The following example sets up a Haystack Agent that uses Prior Labs tools to predict missing values in a CSV-style dataset:

from haystack_integrations.tools.mcp import MCPToolset, StreamableHttpServerInfo
from haystack_integrations.components.generators.anthropic import AnthropicChatGenerator
from haystack.utils import Secret
from haystack.components.agents import Agent
from haystack.dataclasses import ChatMessage

server_info = StreamableHttpServerInfo(
    url="https://api.priorlabs.ai/mcp/server",
    token=Secret.from_env_var("PRIOR_LABS_MCP_TOKEN"),
)
toolset = MCPToolset(server_info=server_info, eager_connect=True)

llm = AnthropicChatGenerator(model="claude-opus-4-6", tools=toolset)

agent = Agent(
    chat_generator=llm,
    tools=toolset,
    system_prompt=(
        "You are a data scientist working on tabular data. "
        "Use provided tools to solve all the given tasks. "
        "Always use the tools when you can, and only answer directly if you are sure "
        "you have the correct answer. If you are not sure, use the tools to find the answer. "
        "Always think step by step."
    ),
    max_agent_steps=10,
)

input_table = """age,income,purchased
22,32000,0
25,45000,0
28,51000,0
31,58000,1
34,62000,1
37,75000,1
40,88000,1
43,95000,1
26,48000,
33,61000,
29,39000,
41,82000,
"""

output = agent.run(messages=[
    ChatMessage.from_user(
        "I have a dataset with columns 'age', 'income', and 'purchased' "
        "(0 = did not purchase, 1 = purchased).

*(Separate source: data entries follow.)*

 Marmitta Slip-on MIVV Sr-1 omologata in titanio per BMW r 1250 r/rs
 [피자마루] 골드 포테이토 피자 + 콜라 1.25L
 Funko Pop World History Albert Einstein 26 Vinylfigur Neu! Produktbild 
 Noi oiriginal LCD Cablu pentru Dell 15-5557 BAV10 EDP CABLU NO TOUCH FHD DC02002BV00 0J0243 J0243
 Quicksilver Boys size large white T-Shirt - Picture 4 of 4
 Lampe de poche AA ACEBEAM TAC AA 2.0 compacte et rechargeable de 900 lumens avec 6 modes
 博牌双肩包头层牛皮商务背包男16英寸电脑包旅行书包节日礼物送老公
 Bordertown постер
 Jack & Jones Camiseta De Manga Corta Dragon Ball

Some rows are missing the 'purchased' value. "
        "Can you predict the missing values based on the known examples?"
    ),
    ChatMessage.from_user(input_table),
])
print(output["last_message"].text)

Because the dataset is small and provided inline, the agent calls fit_and_predict_inline with the known rows as training data and the incomplete rows as test data, using task_type="classification". The result is the predicted purchased values (0 or 1) for each incomplete row.

License

The mcp-haystack package is distributed under the Apache-2.0 license. Use of the Prior Labs API is subject to Prior Labs’ terms of service.